As reiteradas tentativas de Grimaldi de passar adiante uma safira falsa como se fosse verdadeira remetem, por sua vez, a O dinheiro (1983), o último filme de Robert Bresson, em que acompanhamos a circulação de uma nota de quinhentos francos de mão em mão. O percurso de Grimaldi e sua joia fajuta ilumina situações vividas por italianos das mais diversas classes sociais naquele momento de crise.

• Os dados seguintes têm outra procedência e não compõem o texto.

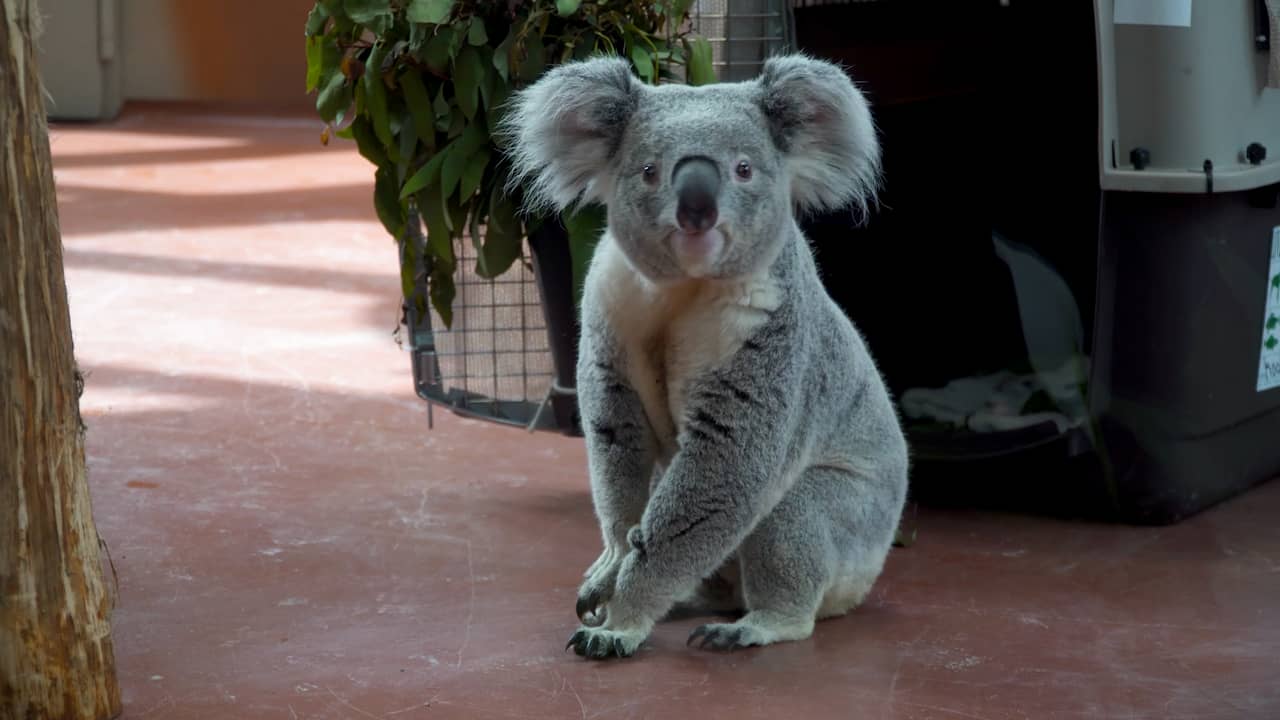 Beeld uit video: Eerste koala's ooit in Nederland komen aan in Rhenen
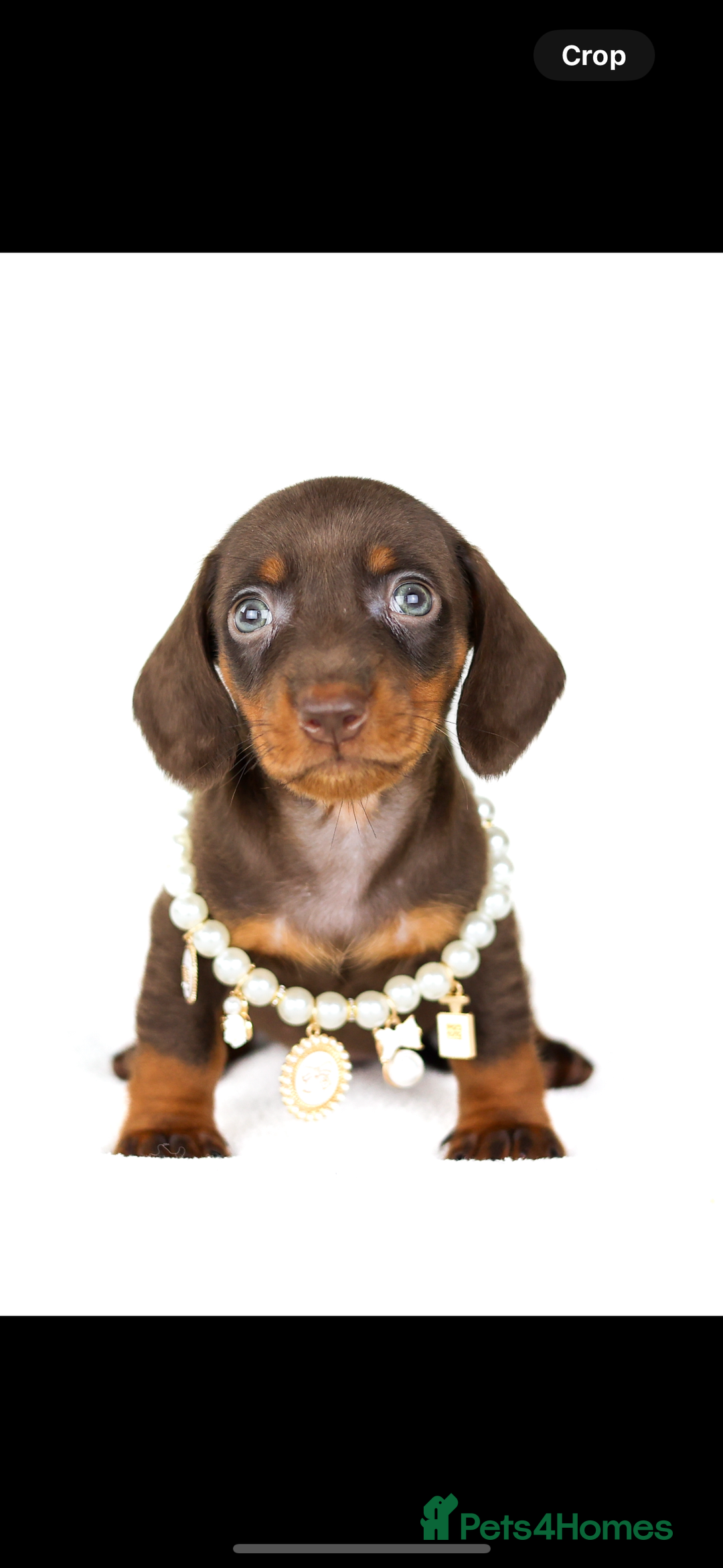 Miniature Dachshund dogs for sale: Quality miniature Dachshunds Liverpool  - Image 7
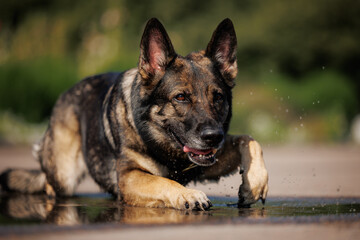 Working gray german shepherd dog crawling through a puddle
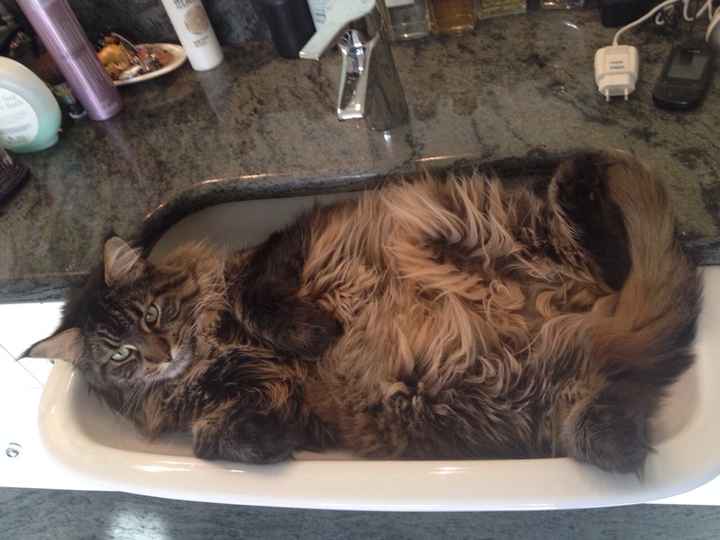 Too cute: i vostri amici animali - 2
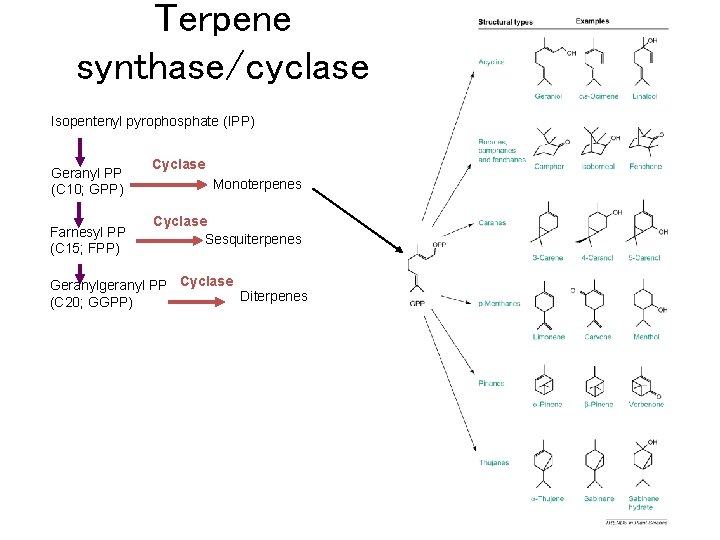 Terpene synthase/cyclase Isopentenyl pyrophosphate (IPP) Geranyl PP (C 10; GPP) Farnesyl PP (C 15;
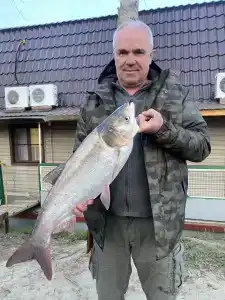 Грэй Гусь - 18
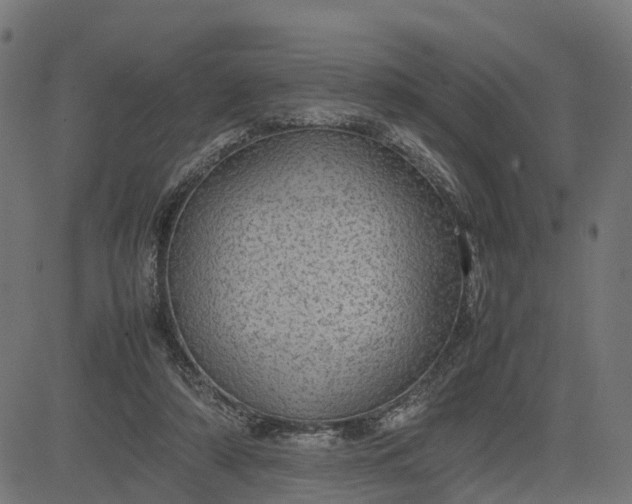 X0000082690306200702091704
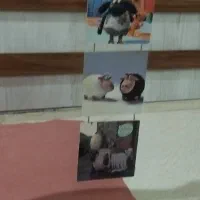 استوک ورزشی|تجهیزات ورزشی|شاهدشهر, |دیوار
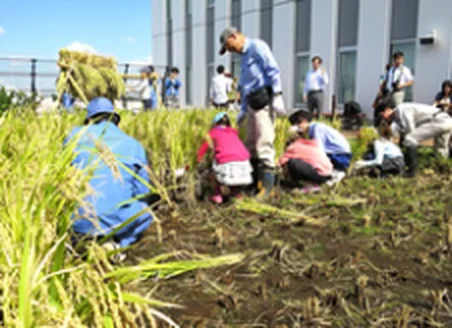 図版：屋上水田
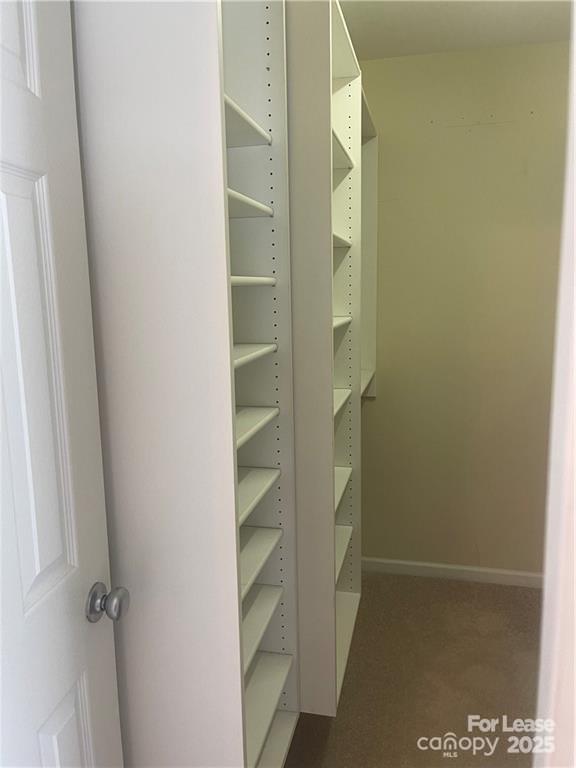 11917 Stratfield Pl Circle, Unit 118 Pineville, NC 28134 - Photo 18 of 28 a view of closet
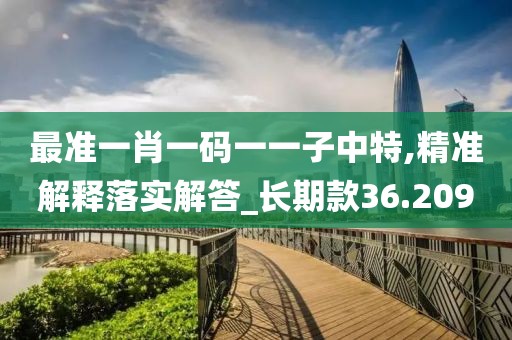 最准一肖一码一一子中特,精准解释落实解答_长期款36.209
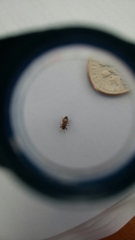 Phlegyas abbreviatus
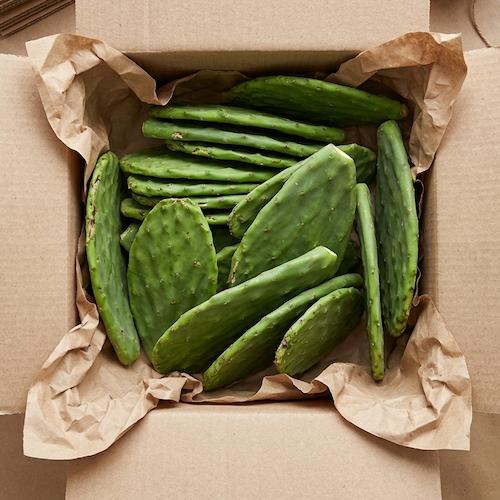 pencas de nopal tierno seleccionadas para envío a domicilio
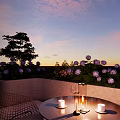 Rooftop Garden With Blue Hydrangeas White Flowers Green Plants Grill And Wooden Deck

Crônica social, drama histórico, suspense político, alegoria moral: De crápula a herói é tudo isso ao mesmo tempo. Um de seus encantos, certamente não o menor, é haver juntado os dois grandes nomes do neorrealismo italiano, Rossellini e De Sica. O Leão de Ouro no festival de Veneza veio, de certo modo, premiar a ambos e ao movimento que deram ao mundo.
Ennio Morricone
Ennio Morricone, que morreu no último dia 6, aos 91 anos, tinha motivos para se aborrecer quando o definiam como “autor da música dos filmes de Sergio Leone”. Afinal, ele compôs mais de quinhentas trilhas para obras de diretores como Pasolini, Bertolucci, Polanski, Zurlini, Pontecorvo, De Palma, Malick e Tarantino, entre muitos outros, em todos os gêneros imagináveis.
Mas o fato é que o encontro de sua música exuberante, calorosa e inventiva com o cinema épico-operístico de Leone resultou num casamento tão perfeito quanto os das duplas Fellini-Nino Rota e Hitchcock-Bernard Herrmann.
Um dos pontos mais luminosos dessa interação é o magnífico duelo final de Era uma vez no oeste (1968), entre os personagens de Henry Fonda e Charles Bronson. Se o cinema, como dizia Abel Gance, é a música da luz, às vezes a música chega a ser a luz do cinema.
https://www.youtube.com/watch?v=MsMLaFZEIqE
Uma curiosidade: Ennio Morricone fez os arranjos para o disco italiano de Chico Buarque em 1970, quando o compositor estava exilado na Itália. O título do álbum, Per un pugno di samba, remete a uma obra-prima do faroeste italiano, Por um punhado de dólares, realizada em 1964 por Sergio Leone e musicada, claro, por Morricone.